= Blue Heron Farm =

Estate in the USA

Blue Heron Farm is a 28 acre+ estate on Martha's Vineyard in Chilmark, Massachusetts, United States, that served as a summer vacation place – the "Summer White House" – to President Barack Obama and his family during his presidency in 2009, 2010, and 2011. Later, the property was owned by the British architect Norman Foster and his wife Elena Ochoa Foster.

==Description and ownership==
Much of the land of the estate including the main house from 1961 was acquired by M. Anthony Fisher for $1.3 million in 1991. Further property was added and existing structures were renovated and new ones added over time. The estate fronts Tisbury Great Pond with a private beach, has two full-sized homes, a barn brought in from Pennsylvania, a pool area, and a boathouse. There are gardens, a tennis court, a riding ring, bocce and basketball courts, and an apple orchard on the property.

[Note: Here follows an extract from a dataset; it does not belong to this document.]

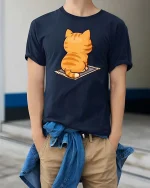 Cute Orange Cat T-Shirt Funny Sitting Kitty Back View Tee - model wearing navy tee with hands in pockets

After the death of Fisher and his wife due to an airplane accident, the place was bought by William Van Devender for $20.35 million in 2005. In 2006 the 6967 sqft main house with its six bedrooms was renovated. The estate was sold to the Fosters in 2011 for $21.9 million. In 2018 it was reported to have been sold as a 9.5 acre property to a realty trust for $15 million.